The Story
My wife and I run a nonprofit called Inquire Higher, an organization that provides college, career, and networking resources to Black students and early professionals. To increase college access, we introduced the Black Student Success Scholarship in 2021. Before I started working with data regularly, I always thought it would be helpful to compare the applicant years to each other in a more efficient way than flipping back and forth between spreadsheets. After collecting four years of data from the applications and understanding how to organize and visualize them, I decided to build a dashboard.

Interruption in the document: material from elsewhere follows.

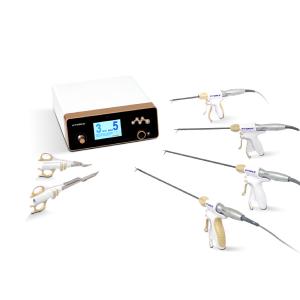 Buy cheap Laparoscopic Tools Harmonic Ultrasonic Shears from wholesalers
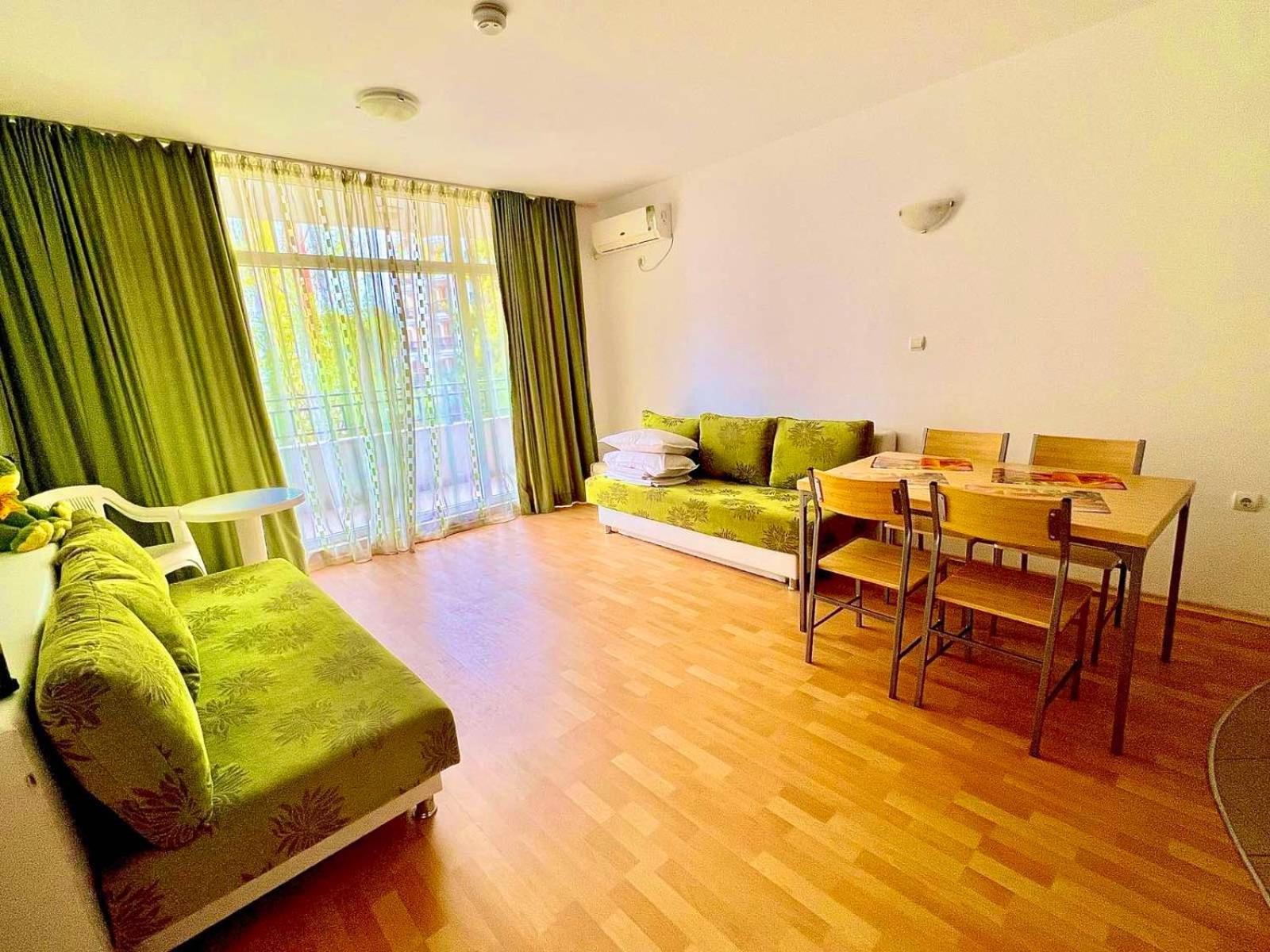 Grand Kamelia Holiday Complex Sunny Beach Esterno foto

***LINK TO THE FULL DASHBOARD BELOW***
Objective
Create a dashboard for the scholarship application data for 2021-2024 to:
1) understand who is applying for the scholarship
2) how the scholarship is reaching the students, and
3) create targeted application volume goals and specific efforts to achieve them
Tools Used
Process
1) Extract the data. I built the scholarship application itself in Google Forms for its administrative simplicity and flexibility, as well as its familiarity to most users. Data from the application submissions were transferred to a spreadsheet in Google Sheets upon completion. After the deadline, the Google Sheets spreadsheet was manually exported to Excel for transformation. Each year of applications was exported, resulting in four separate files.
2) Transformations. All the transformations were performed in Excel. The first part of this step was to identify the data columns I wanted to include in the dashboard. Since 2021, the data collected, and method of the collection, has expanded and improved. For example, the State column went from a freeform field to a selection field in 2023 to eliminate the spelling errors and variety of the entries’ full names and abbreviations found in the 2021 and 2022 data. Furthermore, the number of fields/questions (and data columns as a result) increased from 31 in 2021 to 39 in 2024. I had to be mindful of how I wanted to handle the columns I selected for the years during which they didn’t exist in the application.
STEP 1: COLUMN SELECTION
Here are the existing fields I selected:
Timestamp – date and time of the form submissions (generated by Google Forms)
City – city of residence
State – state of residence
Zip – zip code
Gender – gender identity
Citizenship – citizenship at the time of submission
StudentType – school level (High School or College)
School – committed or current college/university
Major – area of study
GPA – unweighted GPA at the time of submission
Involvement1 – first type of activity outside of school (Extracurricular Activity or Community Service)
Position1 – type of position held within the applicant’s first activity (General Member, Executive Board, or Founder; multiple selections allowed)
Involvement2 – second type of activity outside of school
Position2 – type of position held within the applicant’s second activity
Involvement3 – third type of activity outside of school
Position3 – type of position held within the applicant’s third activity
FoundScholarship – where or how the applicant found the scholarship
FoundScholarshipOther – additional information about where or how the scholarship was found
Here are the new fields I created:
StudentID – unique identifier
Year – application year
Month – month of submission
DayOfWeek – day of submission
CareerPath – assigned categories based on the applicant’s major (categories adopted from the O*NET Program’s career clusters)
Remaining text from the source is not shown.